Your task is to give the listing below back word for word, pictures excluded.

[[ DATASET EXCERPT open ]]

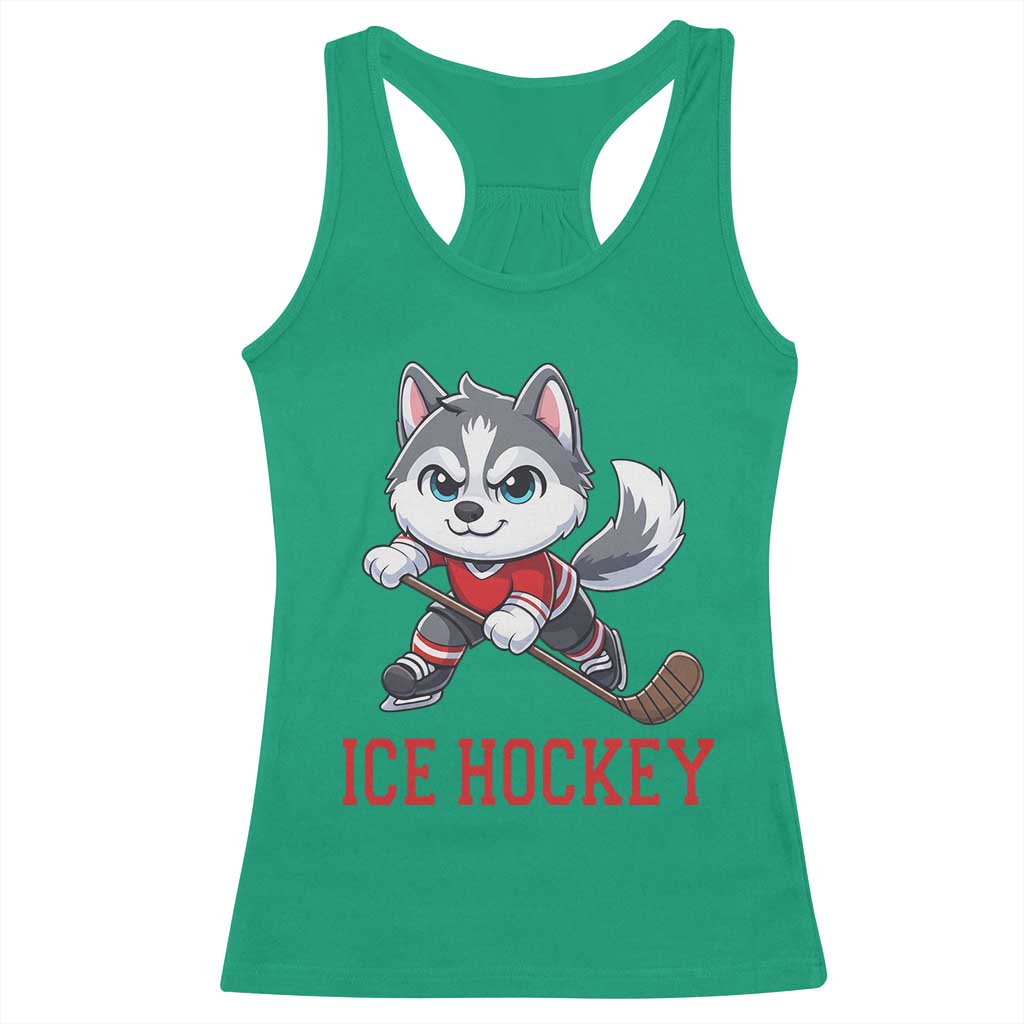 Funny Husky Playing Ice Hockey Racerback Tank Top Gift For Dog Lovers TS12 Irish Green Print Your Wear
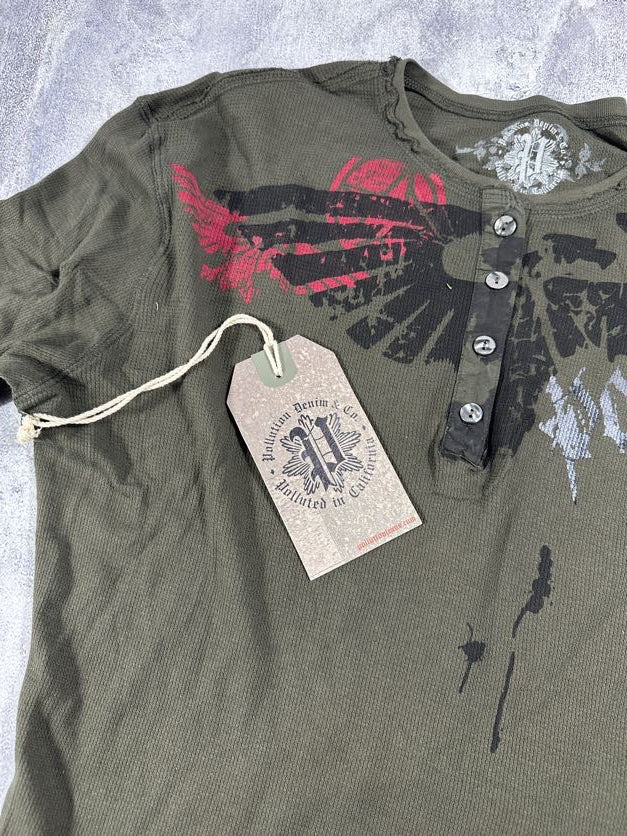 Pollution Green Y2K Thermal Long Sleeve Shirt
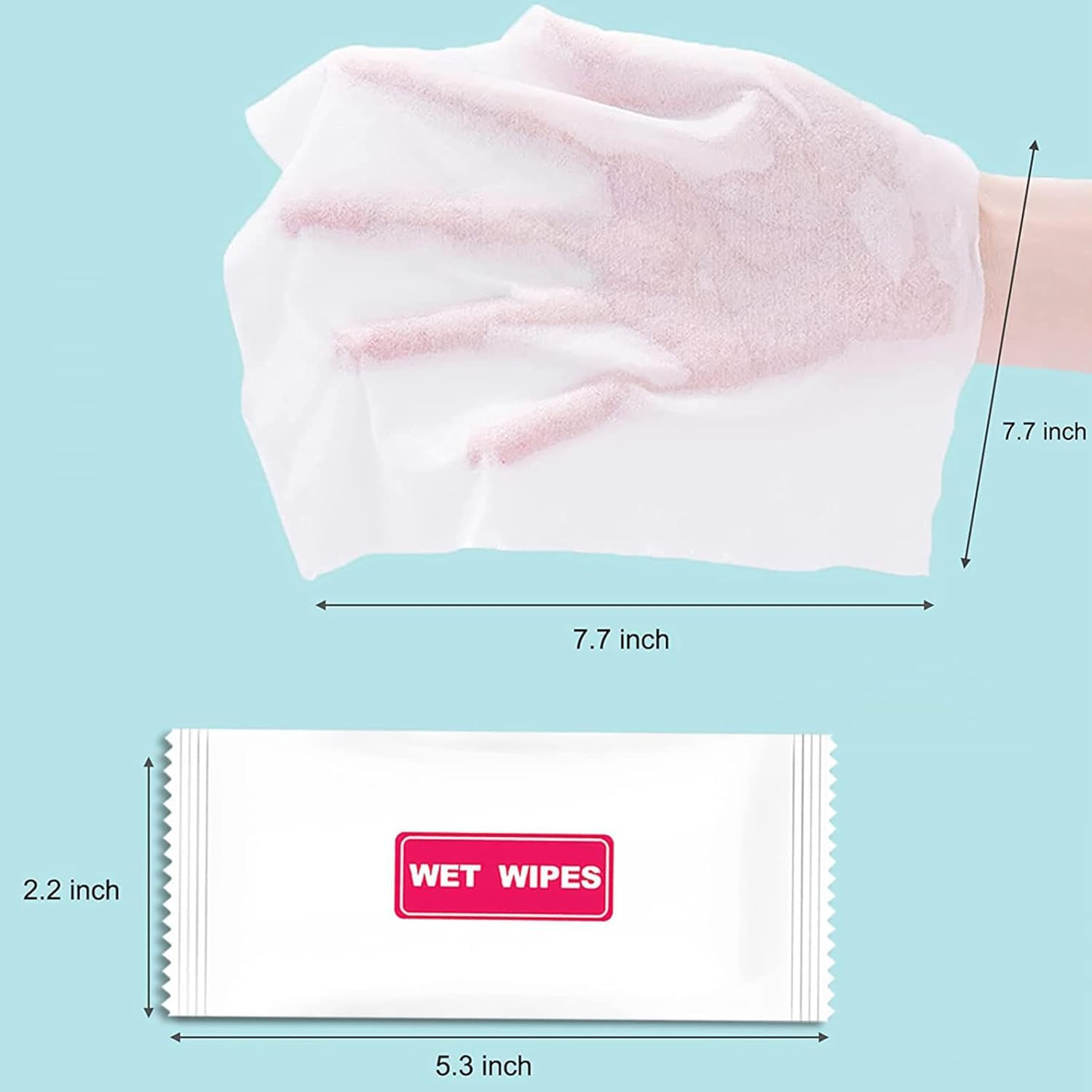 100 Pack Wet Wipes Individually Wrapped, Individual Hand Wipes, Unscented Travel Wipes, Clean Hands Quickly, Wet Wipes Bulk for Homeless, Suitable for Restaurant, Wedding, Barbecue image number 1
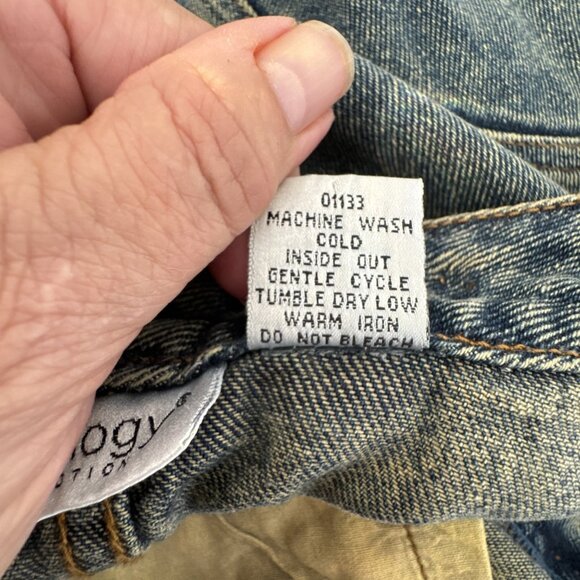 Jeanology Women's 8 Midi Embellished Denim Gored Full Skirt Blue EUC - Picture 9 of 11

[[ DATASET EXCERPT closed ]]

## [COMPLETED TASK]
 Funny Husky Playing Ice Hockey Racerback Tank Top Gift For Dog Lovers TS12 Irish Green Print Your Wear
 Pollution Green Y2K Thermal Long Sleeve Shirt
 100 Pack Wet Wipes Individually Wrapped, Individual Hand Wipes, Unscented Travel Wipes, Clean Hands Quickly, Wet Wipes Bulk for Homeless, Suitable for Restaurant, Wedding, Barbecue image number 1
 Jeanology Women's 8 Midi Embellished Denim Gored Full Skirt Blue EUC - Picture 9 of 11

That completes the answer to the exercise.